Frank Magnitz of the Alternative for Germany party speaks during a session of the German Bundestag in Berlin last February. File Photo by Hayoung Jeon/EPA-EFE
Jan. 8 (UPI) -- German police Tuesday were looking for three masked men who severely injured right-wing populist leader Frank Magnitz, beating him on a Bremen street.
Magnitz, 66, leader of the Alternative for Germany party and a member of Germany's lower house of parliament, had left a New Year's reception when he was attacked, Deutsche Welle reported.
Authorities said Magnitz was knocked unconscious before a construction worker stepped in to stop the beating. The attack was being treated as a "politically motivated act."
Alternative for Germany co-leader Alexander Gauland called the attack a "cowardly bloody deed," The Guardian reported.
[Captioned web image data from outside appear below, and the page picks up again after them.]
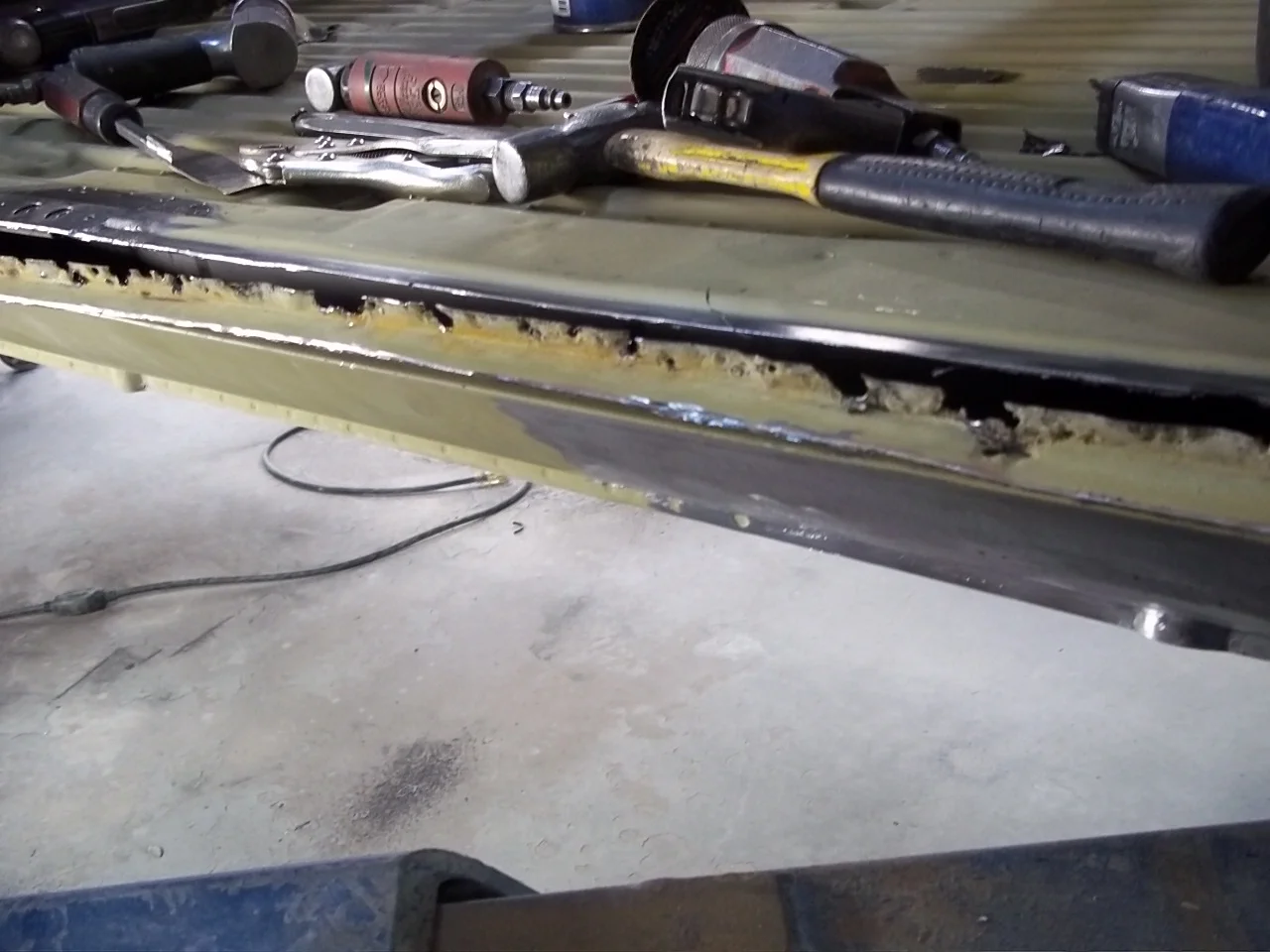 538 R rocker & seal channel area.JPG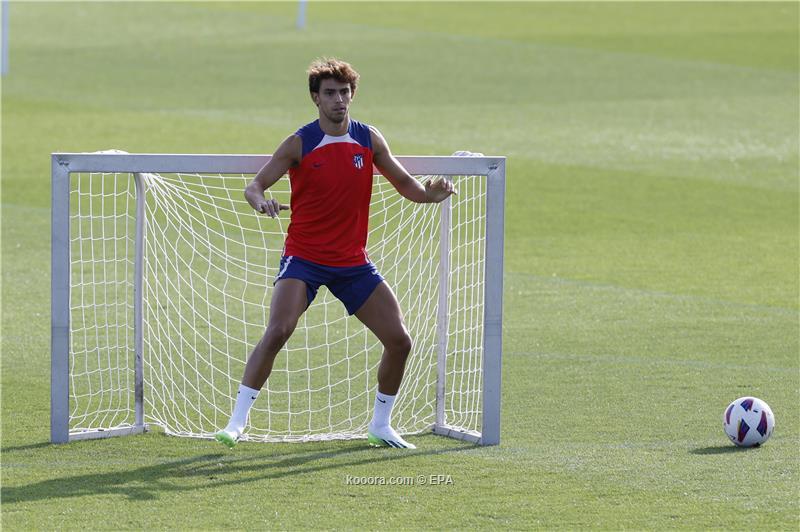 البرتغالي جواو فيليكس يصل إلى برشلونة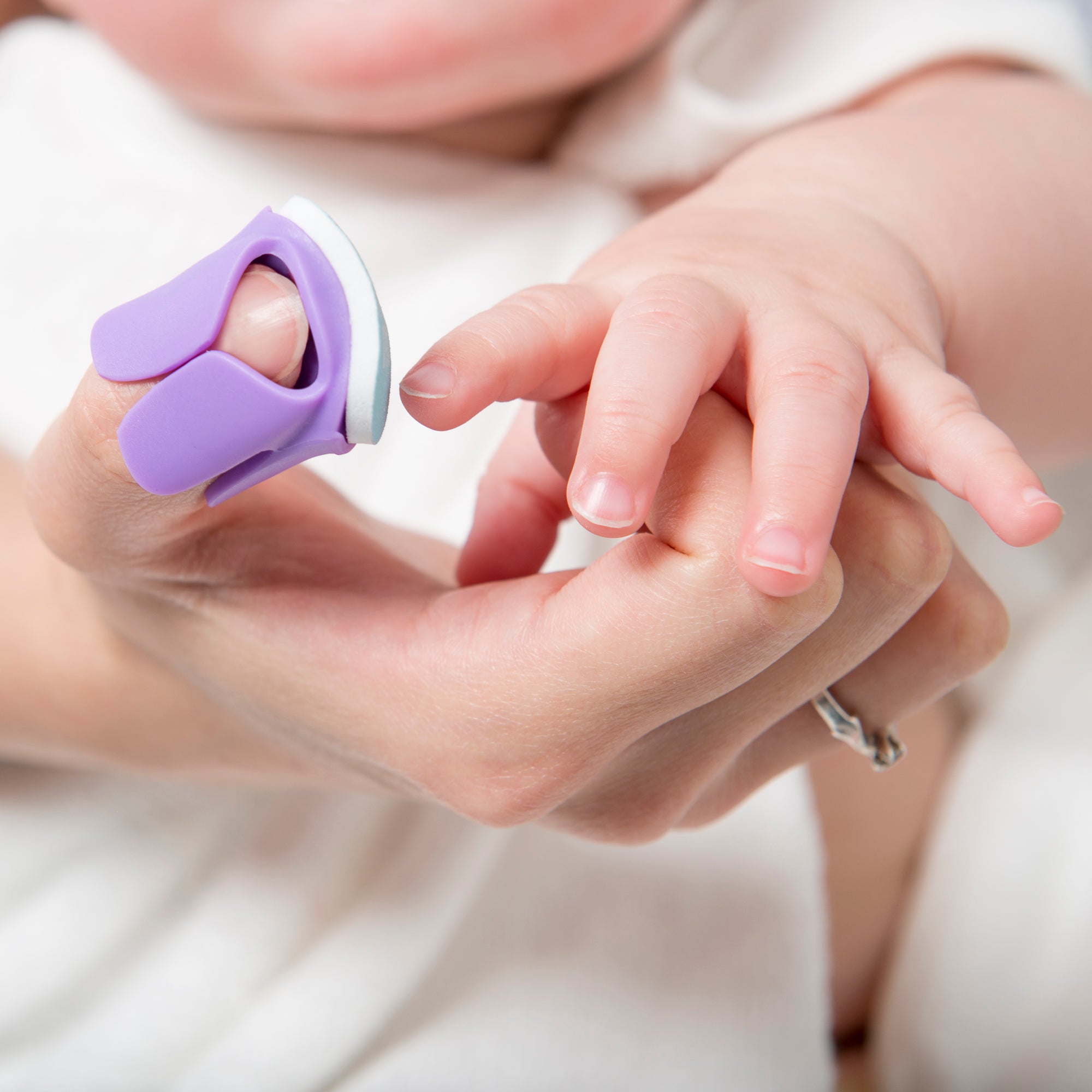 Baby Nails® - The Wearable Baby Nail File (6m+)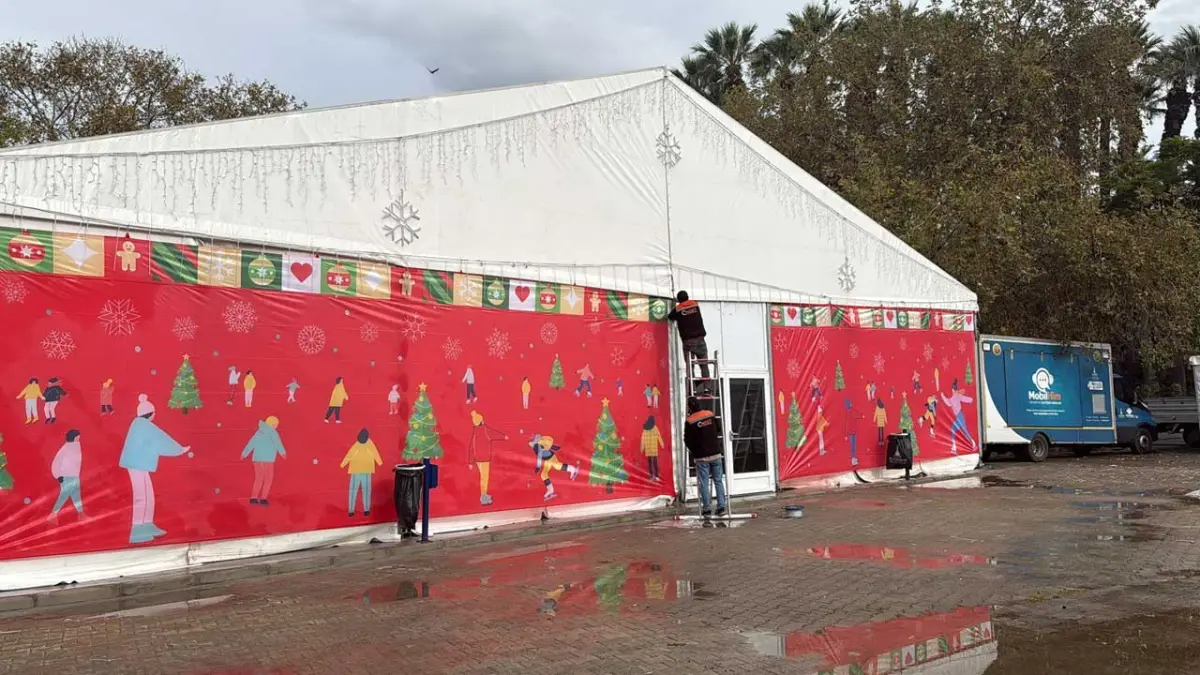 Büyükşehir, Kültürpark ve Bostanlı’ya buz pisti kuruyor haberinin görseli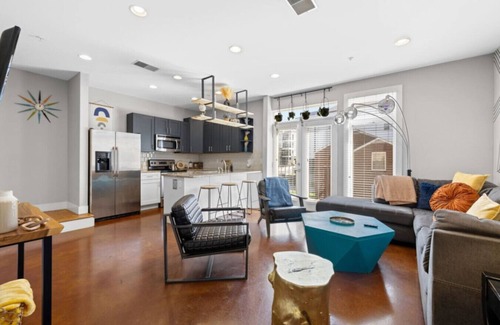 West End Condo | 3203 Long BLVD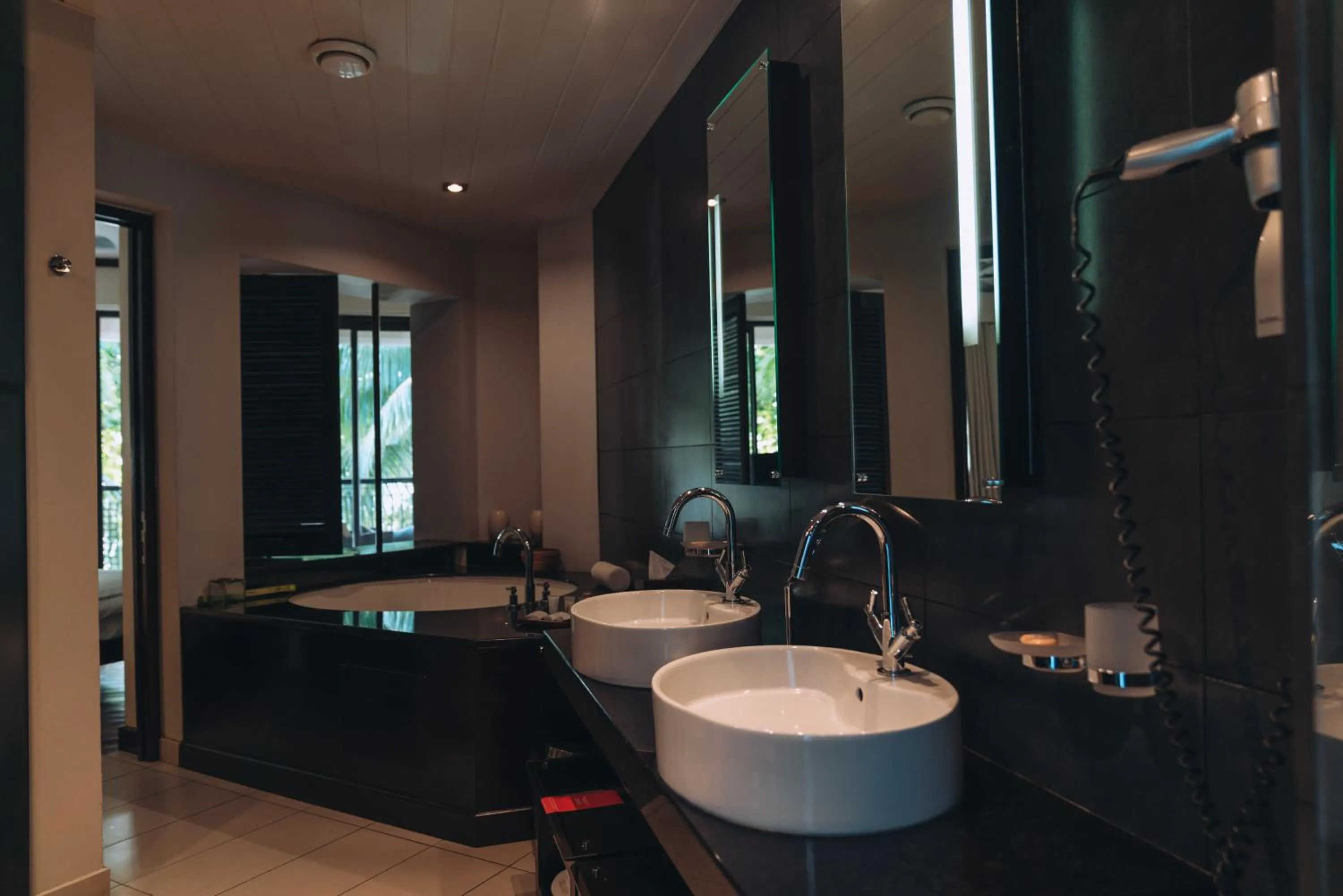 Le Cardinal Exclusive Resort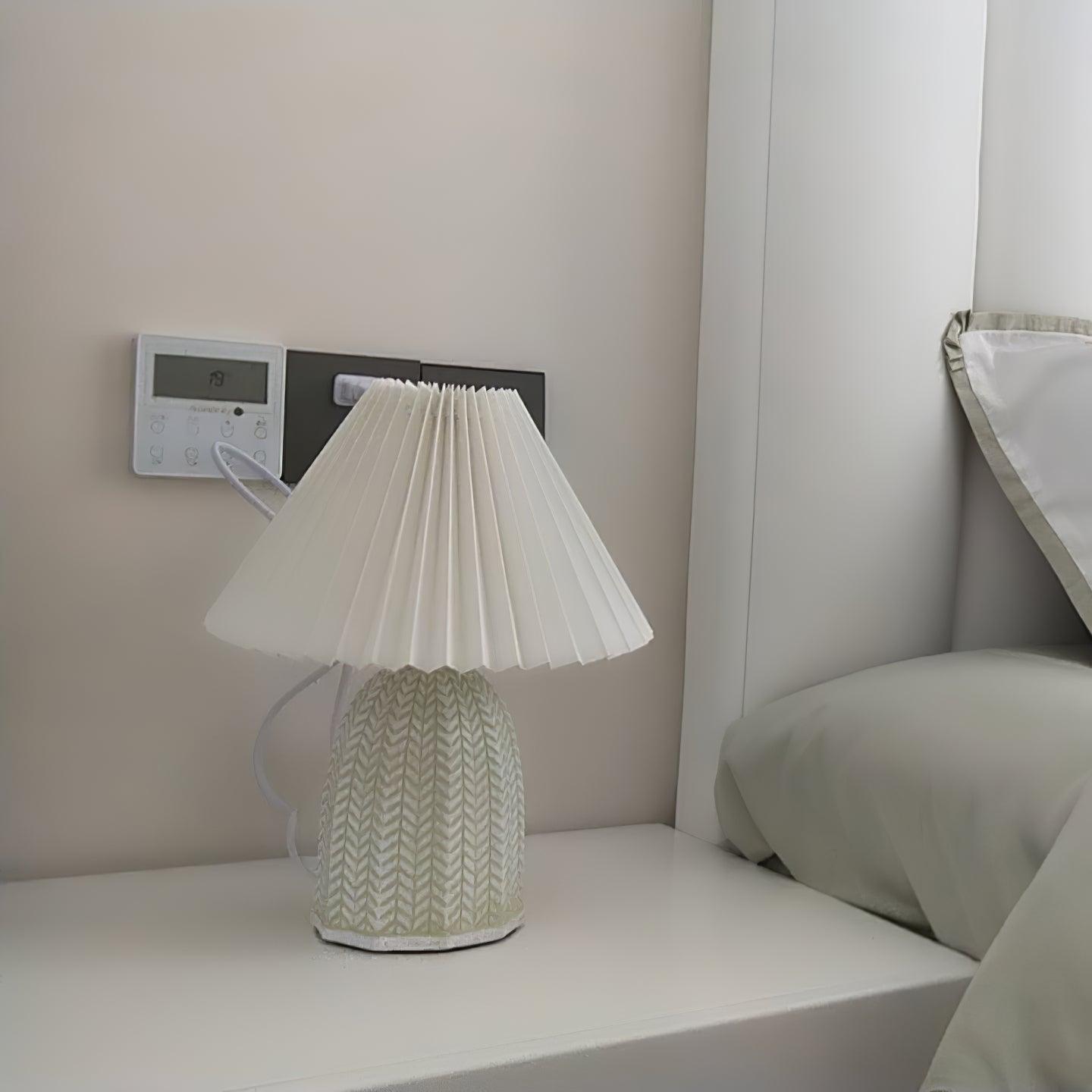 Vintage Pleated Task lamp Table Lamp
The party's leader in parliament, Alice Weidel, blamed the media and politicians for stoking hatred about the party "on a daily basis."
"Violence should never be a means for political disputes -- totally regardless against whom or what the motives for it are," said German Foreign Minister Heiko Maas of the Social Democrat Party. "Whoever carries out such a crime has to be punished accordingly."
Other German politicians also criticized the violence.
"There is no justification for violence, even against the AfD," former Green Party co-leader Cem Özdemir wrote on Twitter. "Whoever fights hatred with hatred allows hate to win in the end."
Magnitz, who had faced charges of racism in the past, was elected to the Bundestag, the German parliament, in 2017. His party then became the main opposition for the first time when it won nearly 13 percent of the national election vote.
As of 2019, Alternative for Germany has 91 seats in parliament, behind the Christian Democratic Union/Christian Social Union (246) and the Social Democratic Party (152).